◆ **MATERIAL PROVIDED**:
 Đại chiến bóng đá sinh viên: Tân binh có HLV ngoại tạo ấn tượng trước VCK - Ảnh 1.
--
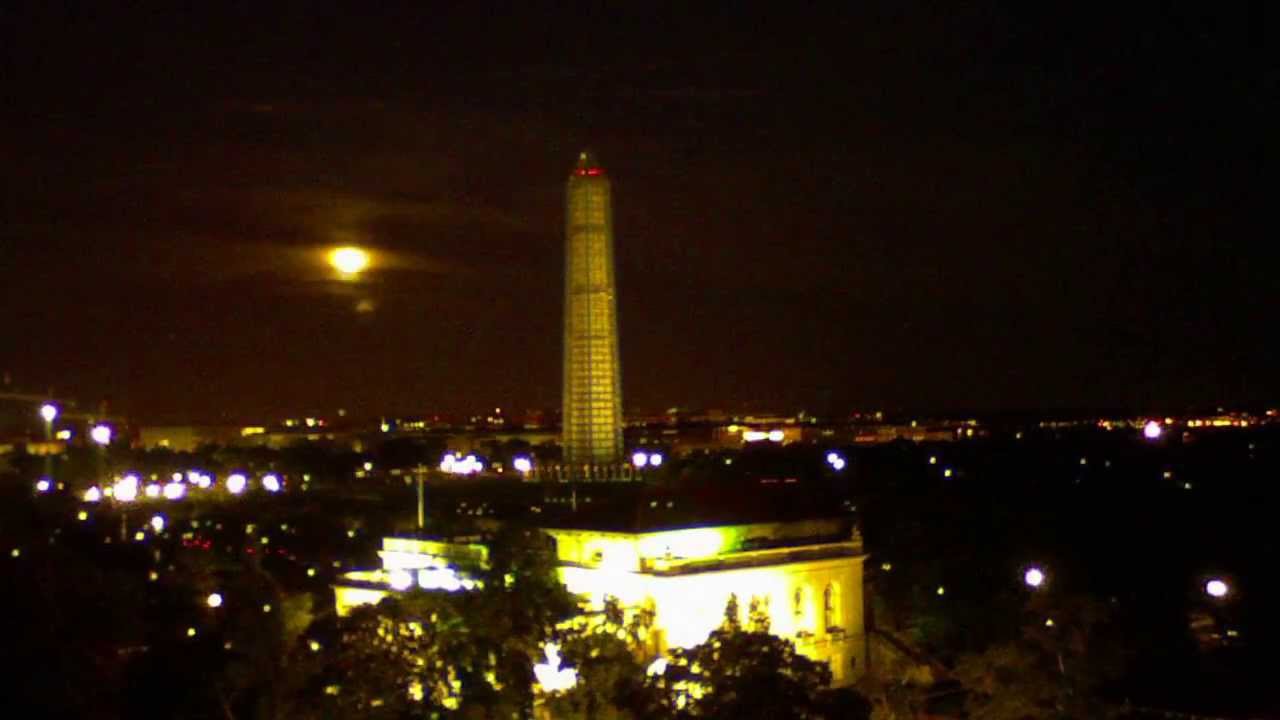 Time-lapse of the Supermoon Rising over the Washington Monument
...
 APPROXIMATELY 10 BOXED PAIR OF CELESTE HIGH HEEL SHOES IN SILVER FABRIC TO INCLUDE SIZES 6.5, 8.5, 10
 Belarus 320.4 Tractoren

◆ **ASSIGNMENT**: Copy out the range of lines above starting at the line with "APPROXIMATELY 10 BOXED" and ending at the line with "Belarus 320.4 Tractoren", exactly and including both.

◆ **TASK RESPONSE**:
 APPROXIMATELY 10 BOXED PAIR OF CELESTE HIGH HEEL SHOES IN SILVER FABRIC TO INCLUDE SIZES 6.5, 8.5, 10
 Belarus 320.4 Tractoren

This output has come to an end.